From Field to Fork: Part 1
Dr. Lenore Newman
Part one: Food Sovereignty, Local Food, and a Healthy Region
What we eat can have a strong impact on our health, and though eating healthily requires education, personal choice, and a healthy economy, it also requires that consumers have access to the best foods being produced. In our region, we are lucky to have a wealth of fresh local options year round, including excellent produce, fresh meat and dairy, and superfoods such as berries. Food theorists call the ability to make choices about one’s food system, “food sovereignty”; having access to a range of products, and special niches such as organic or gluten-free products allows individuals to make the choice to eat healthily. Whether a person is following a complicated nutrition plan or simply taking grandma’s advice to eat more vegetables, local producers can be a key part of preventative health care through nutrition.
The sale of dried bulk berries, smoked salmon, bulk grain-fed meats, and dried seaweed can be available at the click of a button.

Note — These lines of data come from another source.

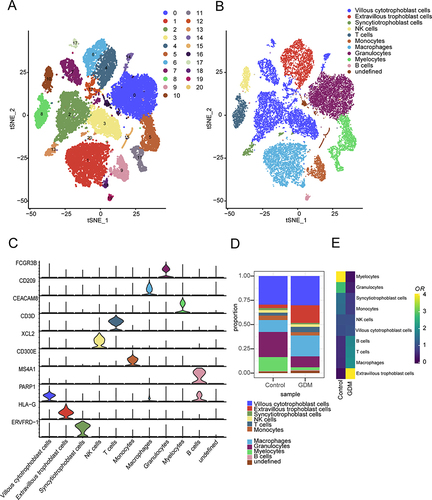 Figure 6 Placental landscape profiling of single cells from GDM and control samples. (A) t-SNE plot showing 23,769 cells from the 4 samples, with cells grouped into 21 clusters. (B) t-SNE plot showing 23,769 cells grouped into 11 major cell types. (C) Violin plot showing the expression of canonical marker genes in each cell cluster. (D) Cell cluster frequency showing the fractions of 11 major cell types for GDM and control samples. (E) Heatmap showing the odds ratio (ORs) of cell clusters occurring in each tissue.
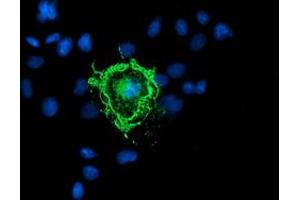 Anti-PDE1B mouse monoclonal antibody (ABIN2454884) immunofluorescent staining of COS7 cells transiently transfected by pCMV6-ENTRY PDE1B (RC206588). (PDE1B 抗体)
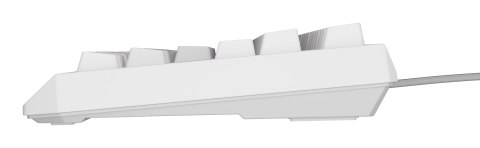 GENESIS Klawiatura GENESIS Thor 230 TKL Gaming USB QWERTY US English Biały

Here in the Lower Mainland, farmers’ markets are a popular way for consumers to have access to the best of the season, and can work well for smaller operations. For the busy farmer, larger farm stores can be a better option where people can stock up on healthy products in bulk. One element we do not really have yet in BC is functional food hubs. In the US food hubs, which can combine commercial kitchens, aggregation of small lots, and public market spaces, have emerged as a way for farmers to work with small processors to turn excess production into a value-added product. Here in the Lower Mainland several such projects are moving forward; hopefully a large scale food hub capable of bringing value to industrial producers will emerge in the Fraser Valley.

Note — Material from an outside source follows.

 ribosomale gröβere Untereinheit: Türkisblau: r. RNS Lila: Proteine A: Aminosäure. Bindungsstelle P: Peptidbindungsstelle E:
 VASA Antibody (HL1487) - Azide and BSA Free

A healthy food system includes every step of the food chain, from raw product sales, to local processing into value added products, to support for a restaurant sector offering the finest foods of the region. Long distance travel is hard on nutrients, and requires heavier processing and chemical modification to keep food edible over thousands of kilometers. Farmers can increasingly tap lucrative markets on the internet while offering customers healthy food choices.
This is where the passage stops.